The report is far from being a polemic on behalf of Gypsies and Travellers, however. Instead it takes a practical look at how sites currently operate across the UK and (partially) Ireland, identifying what works and what doesn’t. It shows that some councils have grasped the nettle by providing attractive, well-run sites where residents are engaged and neighbours have been consulted. At the other extreme, some pretend the issue is not there or will go away. They are the ones that tend to end up fighting lengthy and usually fruitless enforcement actions. In the middle, the majority of councils tick along, often having some authorised sites but not necessarily managing them well. As a result of insufficient action by government at both national and local levels, the authors argue that real housing need persists, and that it would ‘be difficult to find any other ethnic minority group in this country with such large numbers that are effectively homeless: Gypsies and Travellers are among the most excluded groups in British society’.

What’s to be done? The bulk of the report switches from negative to positive by highlighting examples of excellence and showing the lessons that can be derived from day-to-day practice in local authorities and housing associations that are running sites. The best examples – places like County Durham are singled out for praise – show how gypsies and travellers can work with providers to meet their accommodation needs and live happily alongside neighbouring housing areas.

What are the ingredients of such success? The report lists ten essentials for effective site management, ranging from having clear plans, policies and lines of accountability, to negotiating approaches to unauthorised encampments rather than making heavy-handed (and invariably expensive) evictions. It then looks at what’s needed to get more sites provided, arguing that this needs to form part of local housing needs assessments, with provision split (as it would be for conventional housing) between private and social sectors. On site provision there are eight ingredients for success, including collecting robust and defensible evidence of accommodation need and developing local political will and leadership. Indeed, on the last point the report has several examples showing how quiet political leadership has steered a way through local controversy and produced solutions that suit both residents and the wider community, and which mean that unauthorised camping in those areas should be a thing of the past.

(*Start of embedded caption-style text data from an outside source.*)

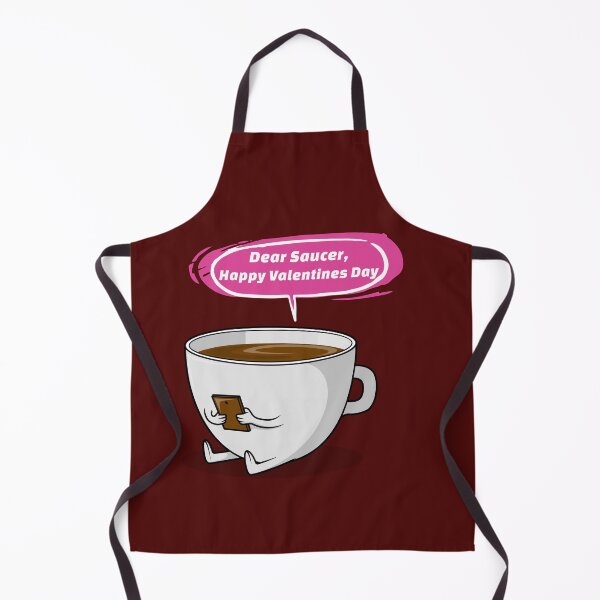 Artikelvorschau, Liebe Untertasse, Happy Valentines Day|Kaffeetasse entworfen und verkauft von ButterflyDsgns6.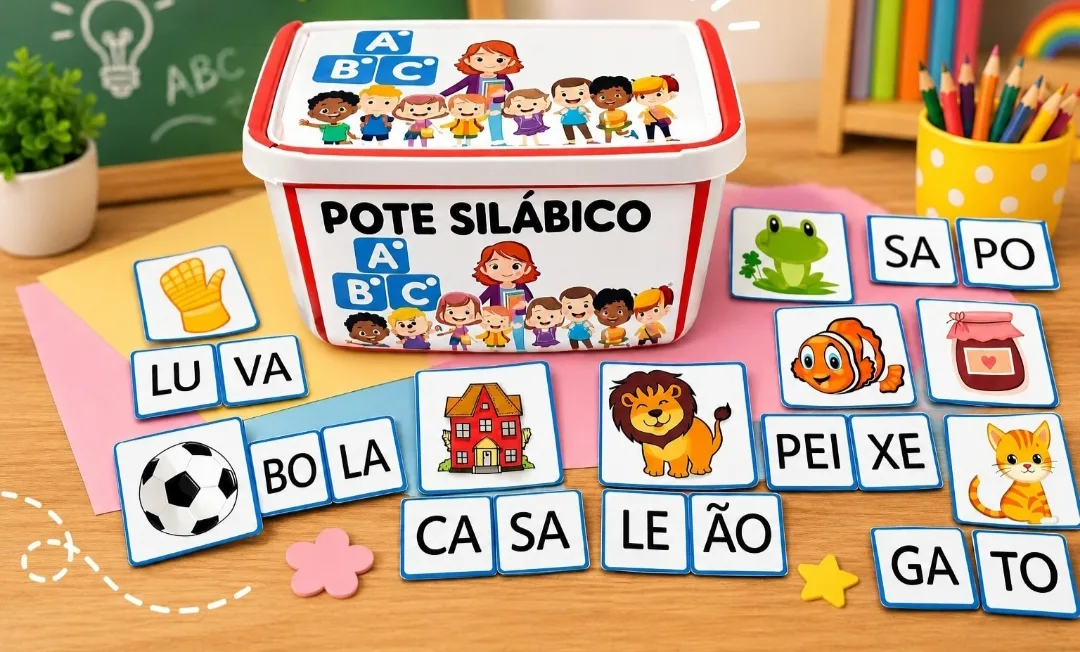 Pote silábico alfabetização PDF  — imagem 3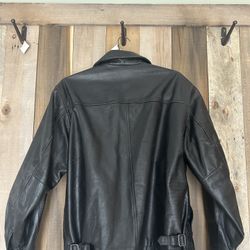 Vintage Leather Gap Bomber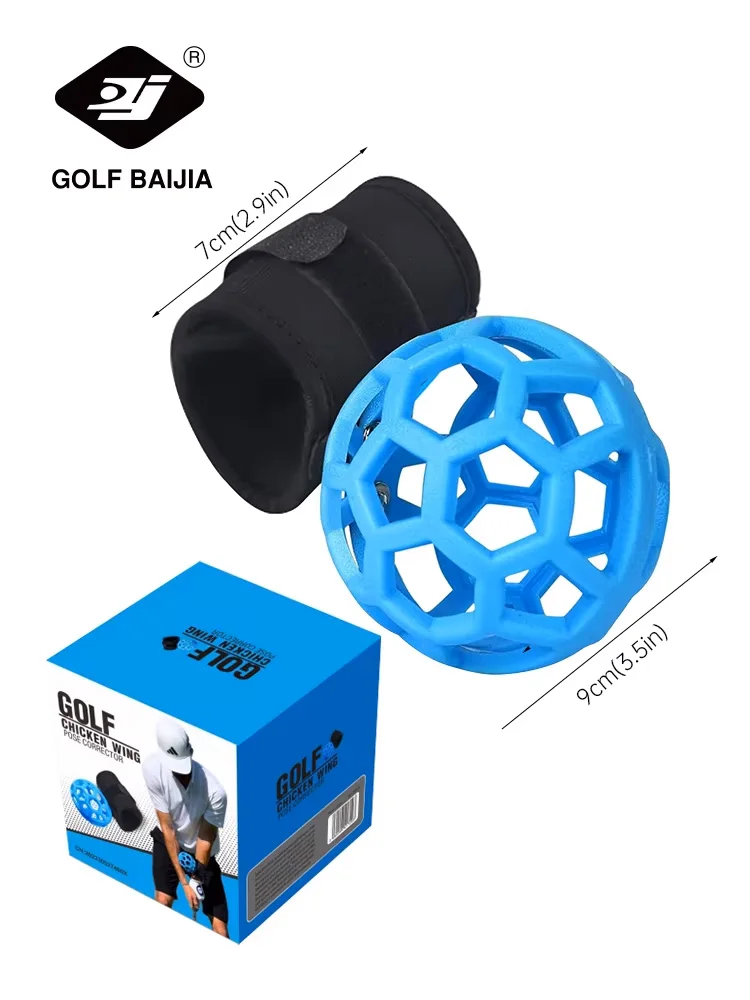 Treinador de Balanço de Golfe Portátil Laranja - Imagem 6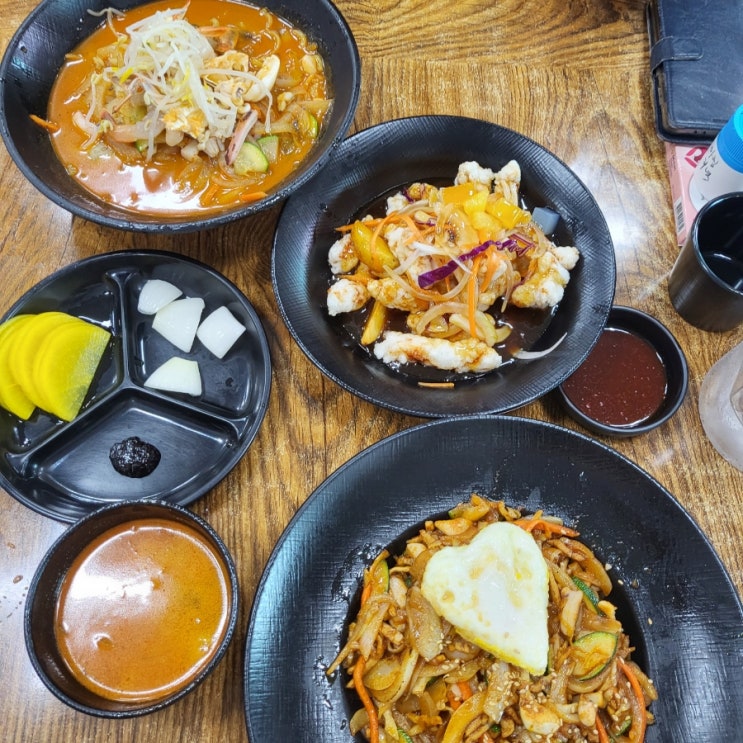  영천맛집 부산3대짬뽕맛집 재료가 푸짐한 호야짬뽕1650 영천점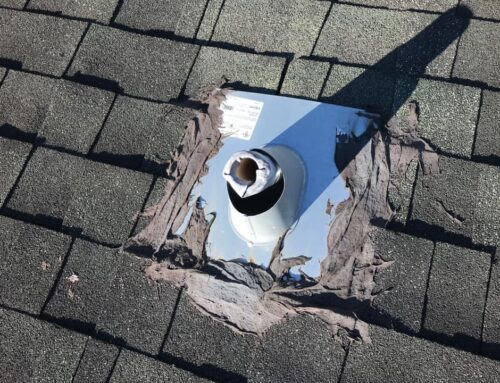 Roofing outside the lines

The report is therefore a challenge to government at all levels, and to social housing providers, to take their heads out of the sand and ensure that Britain’s estimated 150,000 or so Gypsies and Travellers all have decent places in which to live. But very intentionally, by showing how this is already being done in some areas, and how, the report is an encouragement to political leaders and senior officers to take the issue off their ‘too difficult’ pile and get on with solving it. Those that want to do so will find plenty of material here to help them.